On Tue, Mar 9, 2010 at 10:46 AM, Tim Romano <tim.rom...@yahoo.com> wrote:
> On 3/9/2010 10:56 AM, Scott Hess wrote:
>> On Tue, Mar 9, 2010 at 7:15 AM, Tim Romano<tim.rom...@yahoo.com>  wrote:
>>> Of these three:
>>>
>>> select c from T where 1=2                 // returns 0 rows
>>> select min(c) from T where 1=2         // returns 1 row
>>> select min(88,99) from T where 1=2  // returns 0 rows
>>>
>>> the only case that "threw" me is the second one, where a row is returned
>>> despite a WHERE condition that should yield an empty set (or so I thought).
>>>
>> The first and last cases will run for each row in the WHERE clause.
>> The second case is aggregating over all c, and will always return one
>> row, even if the WHERE clause selects many rows, so it is consistent
>> for it to return one row if the WHERE clause selects for no rows.

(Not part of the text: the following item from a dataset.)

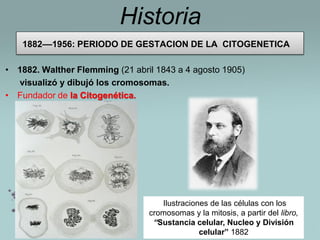 Historia
1882––1956: PERIODO DE GESTACION DE LA CITOGENETICA
• 1882. Walther Flemming (21 abril 1843 a 4 agosto 1905)
visualizó y dibujó los cromosomas.
• Fundador de la Citogenética.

>> It's as if you coded it like this:
>>
>>     SELECT min(SELECT c FROM t WHERE ...)
>>
>> meaning the minimum of that set of inputs, and if that set is empty,
>> there is no minimum, so you get a result of NULL, but not no result,
>> if you see what I mean.
>
> Thanks for the replies, Scott and Igor and Pavel and Puneet.  What I see
> is that an aggregate function needs to partner with the GROUP BY clause
> in order for nulls to be removed from the aggregated set.
>
>     select min(c) from T where 1=2
>
> returns 1 row that contains <null> despite the presence of the aggregate
> function
>
> and so
>
>    select min(c) is null from T where 1 =2
>
> returns true (1).  But
>
>      select min(c) from T where 1=2
>      /group by/ foo
>
> returns no rows,  presumably because the null value was removed from the
> aggregated set.

No, the null value is not removed, group-by groups the results, and
you have no results, so there are no groups, so min(c) never comes up
at all.  When you run min(c) across the entire table, the table _does_
exist, though it might be empty, so min(c) has to have a result, and
since there are no c, the result has to be NULL.  [BTW, if you had a
group-by, but no values are present for column c in that group of
rows, min(c) would also be NULL for that group.]

NULL means that there was a result, and the result was not a value, as
distinct from not having a result at all.